Clevenger attended college at the University of Wisconsin Madison running D1 track and cross country all four years. He graduated with a degree in communications later finding himself at the University of Iowa to pursue a degree in education.
“During my time at college in Madison, I learned what it looked like to be independent and take priority in my schoolwork. At Wisconsin, I fell in love with caring for people and I learned that the real things that matter are the relationships that you build, and forge, and that eventually led me to teaching,” Clevenger said.
Clevenger has felt waves of influence from people in his life from his sister to teachers and coaches all of whom have led him to not only where he is today, an English teacher at City High, but who he is today.
“I had a coach in high school, Coach Kup who was a social studies teacher for 30-plus years. My team and I thought he was a little bit crazy, in a good way. He’d sing in practice and play his guitar but he was also really present with us and cared for us beyond what we could do for him athletically. Eventually, after college, I looked back on that and I could see the impact he had on so many kids’ lives and I wanted to be a part of that,” Clevenger said.

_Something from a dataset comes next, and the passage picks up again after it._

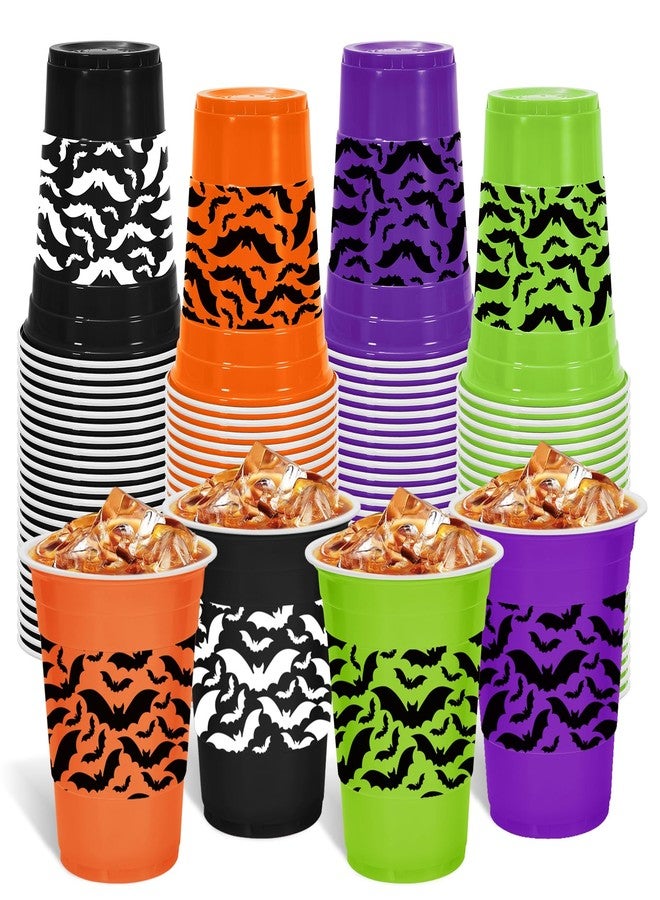 JarThenaAMCS مجموعة أكواب بلاستيكية من JarThenaAMCS، 60 قطعة، بتصميم خفاش أسود، مناسبة لحفلات الهالوين، سعة 16 أونصة، أكواب شرب للاستخدام مرة واحدة للمشروبات الساخنة والباردة، هدايا حفلات الأعياد، مستلزمات تزيين عشاء العائلة - Image 1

Inspiration for Clevenger’s teaching style comes a lot from the idea that he wants to disconnect kids from technology and instead connect them to their thoughts and emotions through writing in English class.

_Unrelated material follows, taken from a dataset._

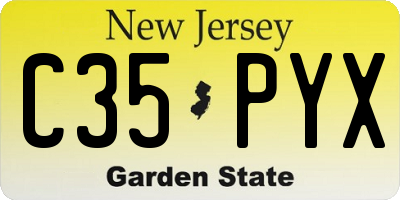 NJ license plate C35PYX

“I think that technology is a wonderful way to help you interact but writing in its purest form comes from your soul and comes from your heart. So I want kids to be in a place where they can do that and feel comfortable doing that,” Clevenger said.
While Clevenger is not from Iowa City originally, he has spent his fair share of time here and within the Iowa City Community School District over the past few years. He started at the University of Iowa and spent a bit of time at West High with Ms. Barnhouse, he then moved on to student teaching at City High just last year with Mr. Peters, and now assumes a role at City High teaching four sections of English 10 and one Success Center class.
“When you’re spending months and months with the same group of people there’s something special that occurs at some point where trust gets built through knowing about what kids are doing outside of school and what their interests are. That is probably my greatest memory of student teaching,” Clevenger said.
During his time learning about teaching at West High with Ms. Barnhouse Clevenger carefully observed what she did to make her class somewhere that students wanted to be, a class that felt welcoming and didn’t give students an anxious feeling to come to.
“[Barnhouse] used to ask me, ‘How does a student feel when they come to your room?’ It made me ask myself and my students ‘How do I make the first few minutes of class a space where we can kind of just chat, and like catch up?’ Today we’re gonna do a little Where’s Waldo game together for the first few minutes. So it’s finding those little things that get kids in the seats and be present in the room,” Clevenger said.
Looking forward to Clevenger’s first year as a teacher he has aspirations to make an effect on his students’ lives.
“I think the most rewarding aspect of being a teacher is the things that I don’t see, what someone will do when they leave my room. There’s an impact that they can have on the world that’s beyond something that I could even grasp, something like just loving the people around you and caring for people wherever you are,” Clevenger said.